Worland and Law (1986) and Worland et al. (1988) suggested that Yr16, gene is located on the centromeric region of chromosome 2D and this was further confirmed through cytogenetic analysis. Devos et al. (1993) and Agenbag et al. (2012) placed the gene 9.3 cM from the centromere between RFLP marker loci Xpsr641-2D and Xpsr681-2D on a consensus map, Ta-Gale-2D (http://wheat.pw.usda.gov/GG2/index.shtml).

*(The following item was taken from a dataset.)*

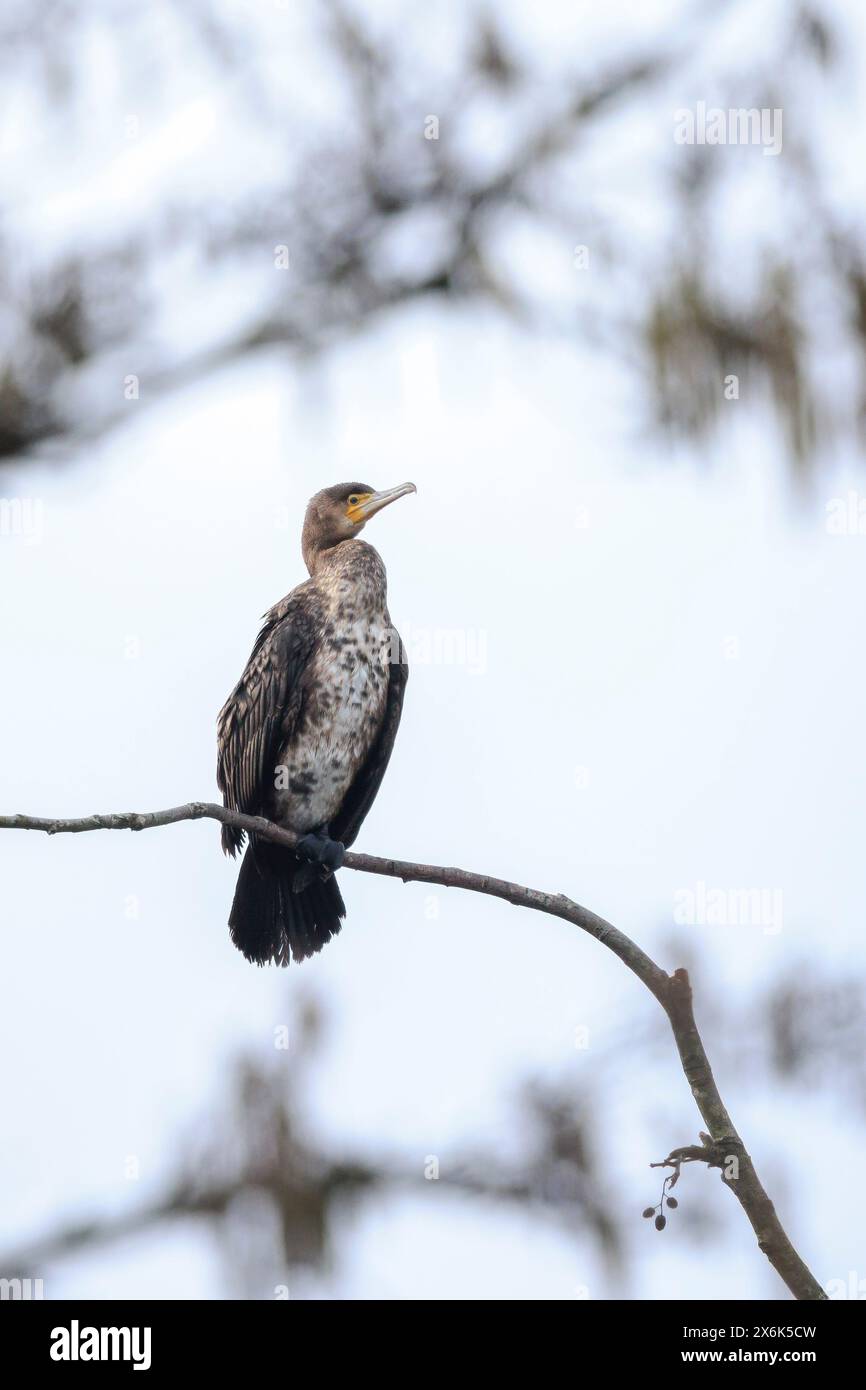 Il cormorano nero, Phalacrocorax carbo, lascia asciugare le ali in un albero. Questo è il comportamento caratteristico di un cormorano. Foto Stock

Bariana et al. (2001) reported temperature-sensitive seedling resistance, YrCK on chromosome 2D in the Australian cv. Cook and a derivative, cv. Sunco explaining 13–19 % of the phenotypic variance for stripe rust and 9–13 % of the phenotypic variance for leaf rust resistance (Navabi et al. 2005). QYr.caas-2DS, explaining 8.4–12.1 % of the phenotypic variance, was identified in the Italian cv. Libellula, (Lu et al. 2009), while Suenaga et al. (2003) detected QTL explaining less than 10 % of the phenotypic variance in the cv. Oligoculm in this region on 2DS. Stripe rust resistance QTL were identified and mapped on the short arm of chromosome 2D, close to the QYr.ufs-2D in the UK cvs Guardian (Melichar et al. 2008) and Claire (Powell 2010), both of which have Cappelle–Desprez in their pedigrees.

Present investigation confirms the effectiveness of genomic regions on chromosome 2D and 5B for stripe rust pathotypes in our population in Indian conditions. These may be exploited for enhancing the level of resistance against stripe rust in the cultivated wheat germplasm through marker assisted selection.